### Work required
Below is a set of records, and all of them should be retyped exactly, minus the pictures.

### Data supplied
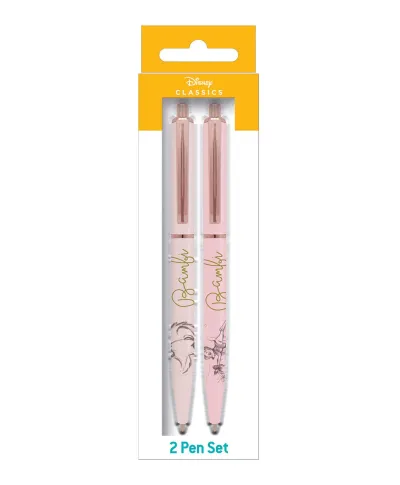 Bambi Home Grown - 2 długopisy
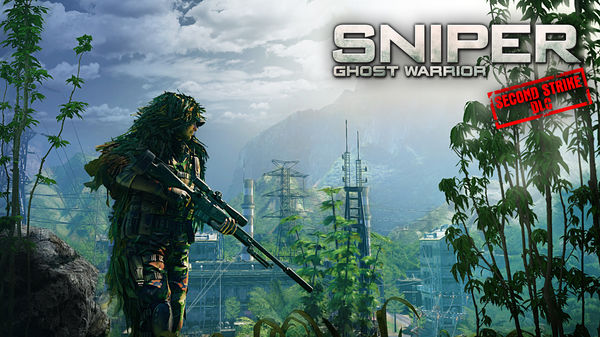 Screenshot 1 of Sniper: Ghost Warrior - Second Strike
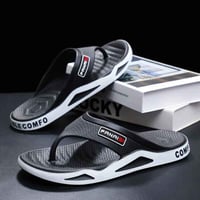 شبشب شاطئ • مقاس ٧ • جديد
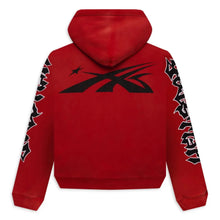 Load image into Gallery viewer, Hellstar Halloween Sport Hoodie Red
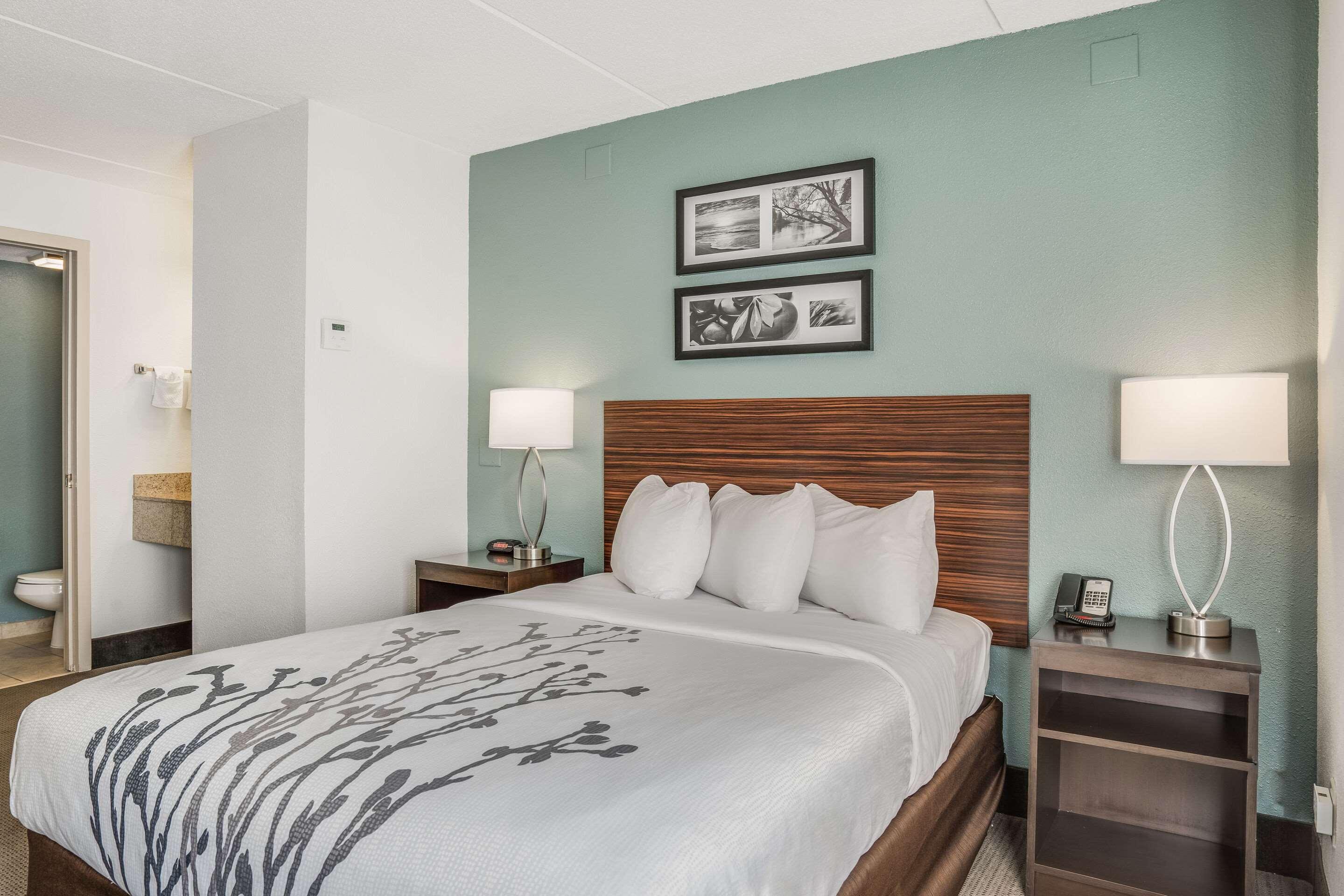 ROOM, QUEEN BED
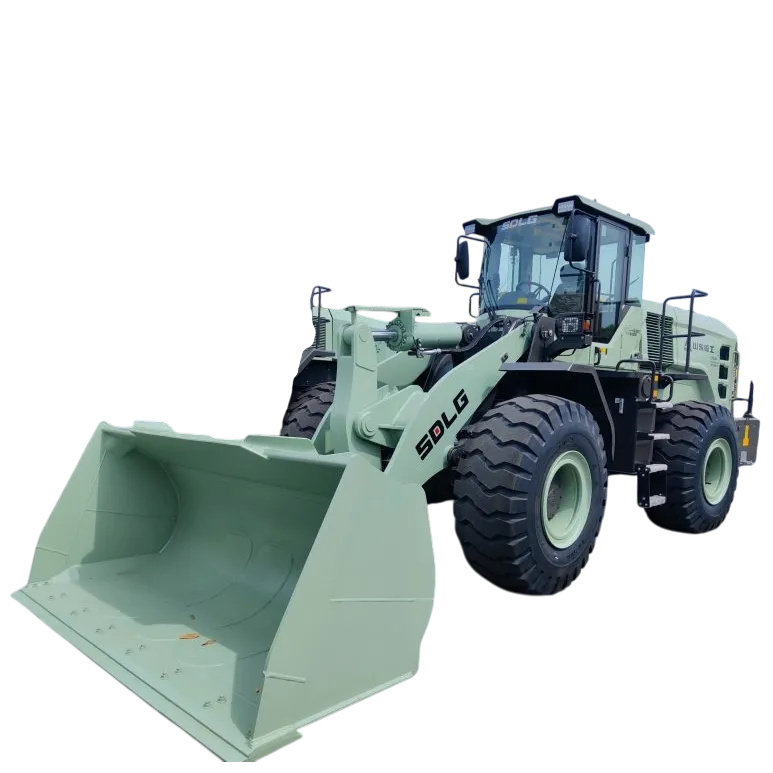 SDLG L956HEV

### Exercise answer
 Bambi Home Grown - 2 długopisy
 Screenshot 1 of Sniper: Ghost Warrior - Second Strike
 شبشب شاطئ • مقاس ٧ • جديد
 Load image into Gallery viewer, Hellstar Halloween Sport Hoodie Red
 ROOM, QUEEN BED
 SDLG L956HEV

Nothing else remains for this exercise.